The task
What do the lines say from the start of the entries through the one containing "Appalachian State professors"? Repeat them exactly.
--- START ---
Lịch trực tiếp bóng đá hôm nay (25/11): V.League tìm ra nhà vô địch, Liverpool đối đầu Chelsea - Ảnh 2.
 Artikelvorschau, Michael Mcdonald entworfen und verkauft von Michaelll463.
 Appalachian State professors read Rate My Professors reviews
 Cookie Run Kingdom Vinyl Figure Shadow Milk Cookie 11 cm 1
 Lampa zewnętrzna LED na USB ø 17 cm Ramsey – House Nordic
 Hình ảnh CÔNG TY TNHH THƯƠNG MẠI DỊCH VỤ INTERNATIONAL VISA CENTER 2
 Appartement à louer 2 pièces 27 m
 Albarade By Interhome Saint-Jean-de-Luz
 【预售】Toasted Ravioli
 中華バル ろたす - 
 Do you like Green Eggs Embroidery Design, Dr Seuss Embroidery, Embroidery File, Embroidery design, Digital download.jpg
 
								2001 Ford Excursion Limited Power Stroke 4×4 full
--- END ---
Expected output
Lịch trực tiếp bóng đá hôm nay (25/11): V.League tìm ra nhà vô địch, Liverpool đối đầu Chelsea - Ảnh 2.
 Artikelvorschau, Michael Mcdonald entworfen und verkauft von Michaelll463.
 Appalachian State professors read Rate My Professors reviews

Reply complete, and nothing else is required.